= INPUT MATERIAL =
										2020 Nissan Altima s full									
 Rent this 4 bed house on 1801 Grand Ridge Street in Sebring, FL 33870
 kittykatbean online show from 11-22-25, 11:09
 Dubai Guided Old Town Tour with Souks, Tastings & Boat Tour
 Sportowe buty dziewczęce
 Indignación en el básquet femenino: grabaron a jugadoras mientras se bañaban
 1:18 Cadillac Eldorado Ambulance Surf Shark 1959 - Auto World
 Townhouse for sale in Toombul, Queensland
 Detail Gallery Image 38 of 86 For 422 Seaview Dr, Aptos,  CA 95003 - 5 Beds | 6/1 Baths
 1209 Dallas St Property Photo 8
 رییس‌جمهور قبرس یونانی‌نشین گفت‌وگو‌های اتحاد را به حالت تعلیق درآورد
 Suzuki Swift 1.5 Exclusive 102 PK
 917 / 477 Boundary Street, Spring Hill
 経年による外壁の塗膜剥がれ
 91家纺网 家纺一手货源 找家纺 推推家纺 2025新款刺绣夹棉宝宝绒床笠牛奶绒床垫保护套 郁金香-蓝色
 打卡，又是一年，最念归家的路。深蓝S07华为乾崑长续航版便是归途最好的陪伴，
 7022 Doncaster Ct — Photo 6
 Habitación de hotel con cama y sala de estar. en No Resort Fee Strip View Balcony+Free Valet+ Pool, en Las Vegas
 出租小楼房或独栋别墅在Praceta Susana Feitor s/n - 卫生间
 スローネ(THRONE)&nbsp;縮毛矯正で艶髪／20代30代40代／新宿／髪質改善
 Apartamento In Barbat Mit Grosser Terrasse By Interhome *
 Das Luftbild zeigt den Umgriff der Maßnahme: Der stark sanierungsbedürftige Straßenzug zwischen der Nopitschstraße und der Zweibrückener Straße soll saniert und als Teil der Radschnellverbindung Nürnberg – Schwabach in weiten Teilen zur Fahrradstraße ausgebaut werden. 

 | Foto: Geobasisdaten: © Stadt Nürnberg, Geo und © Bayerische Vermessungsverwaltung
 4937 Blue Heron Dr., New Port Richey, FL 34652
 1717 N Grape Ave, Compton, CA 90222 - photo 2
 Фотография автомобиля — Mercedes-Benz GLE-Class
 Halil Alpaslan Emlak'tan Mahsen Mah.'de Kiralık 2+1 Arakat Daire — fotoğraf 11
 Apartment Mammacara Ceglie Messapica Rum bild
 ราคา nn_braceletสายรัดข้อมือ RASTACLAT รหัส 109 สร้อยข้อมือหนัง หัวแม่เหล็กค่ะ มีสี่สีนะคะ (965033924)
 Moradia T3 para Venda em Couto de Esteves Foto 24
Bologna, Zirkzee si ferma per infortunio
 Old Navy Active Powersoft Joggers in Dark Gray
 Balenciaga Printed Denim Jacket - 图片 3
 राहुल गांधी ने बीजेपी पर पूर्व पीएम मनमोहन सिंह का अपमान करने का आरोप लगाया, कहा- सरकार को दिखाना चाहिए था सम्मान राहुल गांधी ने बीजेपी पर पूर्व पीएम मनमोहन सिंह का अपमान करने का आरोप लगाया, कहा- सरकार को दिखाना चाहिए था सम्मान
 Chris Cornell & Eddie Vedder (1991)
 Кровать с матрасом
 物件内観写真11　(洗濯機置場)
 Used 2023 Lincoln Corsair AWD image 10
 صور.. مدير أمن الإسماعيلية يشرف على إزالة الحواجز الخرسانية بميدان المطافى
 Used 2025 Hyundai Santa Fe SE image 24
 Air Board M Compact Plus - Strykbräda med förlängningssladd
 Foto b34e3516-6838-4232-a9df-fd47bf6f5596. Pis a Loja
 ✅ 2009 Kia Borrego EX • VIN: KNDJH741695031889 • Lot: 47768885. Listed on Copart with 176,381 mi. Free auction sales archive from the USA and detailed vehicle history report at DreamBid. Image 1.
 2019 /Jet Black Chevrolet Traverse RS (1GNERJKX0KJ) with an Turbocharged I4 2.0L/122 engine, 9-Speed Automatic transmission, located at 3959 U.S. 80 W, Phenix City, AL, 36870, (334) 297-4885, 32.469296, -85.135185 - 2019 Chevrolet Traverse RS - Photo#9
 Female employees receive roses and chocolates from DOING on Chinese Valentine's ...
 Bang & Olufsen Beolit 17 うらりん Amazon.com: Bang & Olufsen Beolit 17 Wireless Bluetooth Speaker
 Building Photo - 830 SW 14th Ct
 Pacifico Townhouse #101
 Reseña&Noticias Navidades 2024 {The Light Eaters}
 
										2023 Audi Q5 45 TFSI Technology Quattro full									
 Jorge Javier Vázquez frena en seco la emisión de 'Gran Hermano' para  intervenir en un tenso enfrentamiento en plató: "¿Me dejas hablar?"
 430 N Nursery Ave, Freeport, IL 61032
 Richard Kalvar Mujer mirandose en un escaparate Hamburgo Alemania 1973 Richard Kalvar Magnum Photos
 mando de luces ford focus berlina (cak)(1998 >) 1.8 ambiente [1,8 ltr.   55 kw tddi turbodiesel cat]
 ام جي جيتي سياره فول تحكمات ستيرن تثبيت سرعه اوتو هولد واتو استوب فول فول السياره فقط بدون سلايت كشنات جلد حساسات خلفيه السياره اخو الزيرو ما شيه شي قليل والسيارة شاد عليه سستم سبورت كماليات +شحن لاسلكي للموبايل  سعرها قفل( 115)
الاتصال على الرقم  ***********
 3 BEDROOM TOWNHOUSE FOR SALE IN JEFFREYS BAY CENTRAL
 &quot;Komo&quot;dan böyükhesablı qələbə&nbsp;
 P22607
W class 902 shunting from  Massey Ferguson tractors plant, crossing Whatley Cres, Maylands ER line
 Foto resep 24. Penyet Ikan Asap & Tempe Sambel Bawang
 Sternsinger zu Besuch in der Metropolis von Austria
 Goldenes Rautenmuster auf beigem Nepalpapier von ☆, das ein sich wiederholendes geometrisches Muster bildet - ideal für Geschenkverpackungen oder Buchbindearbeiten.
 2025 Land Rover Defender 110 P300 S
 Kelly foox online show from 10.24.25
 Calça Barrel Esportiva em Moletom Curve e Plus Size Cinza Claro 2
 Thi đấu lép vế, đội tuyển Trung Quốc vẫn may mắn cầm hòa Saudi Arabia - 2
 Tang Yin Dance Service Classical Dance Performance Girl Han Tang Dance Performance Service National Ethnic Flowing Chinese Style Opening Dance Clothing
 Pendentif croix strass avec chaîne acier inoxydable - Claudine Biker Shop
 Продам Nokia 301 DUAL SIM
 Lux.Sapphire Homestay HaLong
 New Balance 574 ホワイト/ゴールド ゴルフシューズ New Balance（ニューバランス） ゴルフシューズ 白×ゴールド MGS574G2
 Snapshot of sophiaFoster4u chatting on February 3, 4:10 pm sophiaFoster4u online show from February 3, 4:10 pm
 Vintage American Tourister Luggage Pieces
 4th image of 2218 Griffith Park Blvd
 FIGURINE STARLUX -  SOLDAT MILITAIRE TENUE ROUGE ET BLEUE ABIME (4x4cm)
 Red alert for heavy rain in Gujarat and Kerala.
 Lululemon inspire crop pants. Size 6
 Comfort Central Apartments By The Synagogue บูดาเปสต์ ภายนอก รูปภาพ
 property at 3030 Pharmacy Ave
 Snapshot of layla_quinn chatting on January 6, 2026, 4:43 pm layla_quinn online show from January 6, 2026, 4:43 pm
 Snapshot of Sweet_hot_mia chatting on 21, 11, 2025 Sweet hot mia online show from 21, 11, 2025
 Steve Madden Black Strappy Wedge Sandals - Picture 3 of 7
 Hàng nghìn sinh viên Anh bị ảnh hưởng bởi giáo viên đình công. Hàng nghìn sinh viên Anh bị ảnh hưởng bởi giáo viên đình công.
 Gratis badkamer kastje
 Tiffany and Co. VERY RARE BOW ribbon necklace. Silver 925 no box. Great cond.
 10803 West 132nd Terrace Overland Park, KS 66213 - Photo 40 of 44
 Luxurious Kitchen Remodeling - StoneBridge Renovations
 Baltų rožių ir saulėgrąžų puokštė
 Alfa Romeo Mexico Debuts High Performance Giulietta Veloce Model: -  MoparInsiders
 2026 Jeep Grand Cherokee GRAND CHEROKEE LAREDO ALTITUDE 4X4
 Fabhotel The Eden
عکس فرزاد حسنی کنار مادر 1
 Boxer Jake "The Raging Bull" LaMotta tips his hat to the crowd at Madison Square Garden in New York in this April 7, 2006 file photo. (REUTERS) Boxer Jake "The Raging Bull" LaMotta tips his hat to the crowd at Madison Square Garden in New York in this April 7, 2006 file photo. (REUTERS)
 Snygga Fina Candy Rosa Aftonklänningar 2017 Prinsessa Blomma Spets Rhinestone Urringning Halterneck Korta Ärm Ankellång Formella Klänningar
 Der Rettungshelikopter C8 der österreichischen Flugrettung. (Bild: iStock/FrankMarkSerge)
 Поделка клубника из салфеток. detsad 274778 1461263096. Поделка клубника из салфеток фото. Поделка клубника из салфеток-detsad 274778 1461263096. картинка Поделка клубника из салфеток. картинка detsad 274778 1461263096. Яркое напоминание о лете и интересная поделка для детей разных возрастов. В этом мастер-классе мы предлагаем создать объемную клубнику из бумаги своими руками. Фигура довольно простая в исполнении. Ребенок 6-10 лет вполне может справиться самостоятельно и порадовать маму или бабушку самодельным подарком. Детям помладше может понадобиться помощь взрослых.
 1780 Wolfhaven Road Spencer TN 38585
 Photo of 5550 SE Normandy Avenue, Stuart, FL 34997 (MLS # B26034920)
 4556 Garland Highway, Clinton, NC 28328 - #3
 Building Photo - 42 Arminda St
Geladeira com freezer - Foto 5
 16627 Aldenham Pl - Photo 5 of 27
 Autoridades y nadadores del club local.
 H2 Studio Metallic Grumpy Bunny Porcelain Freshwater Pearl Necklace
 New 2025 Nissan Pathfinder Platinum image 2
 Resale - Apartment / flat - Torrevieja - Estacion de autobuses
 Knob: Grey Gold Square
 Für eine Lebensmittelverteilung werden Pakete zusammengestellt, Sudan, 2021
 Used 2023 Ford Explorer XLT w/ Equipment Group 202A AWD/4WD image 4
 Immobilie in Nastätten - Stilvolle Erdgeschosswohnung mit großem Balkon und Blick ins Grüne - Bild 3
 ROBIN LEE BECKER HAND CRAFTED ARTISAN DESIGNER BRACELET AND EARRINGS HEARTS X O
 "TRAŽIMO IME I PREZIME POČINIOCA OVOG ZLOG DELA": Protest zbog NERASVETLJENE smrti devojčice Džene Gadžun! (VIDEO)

= EXERCISE =
Which lines of the records above contain the word "nbsp"? Report each one.

= EXERCISE RESULT =
 スローネ(THRONE)&nbsp;縮毛矯正で艶髪／20代30代40代／新宿／髪質改善
 &quot;Komo&quot;dan böyükhesablı qələbə&nbsp;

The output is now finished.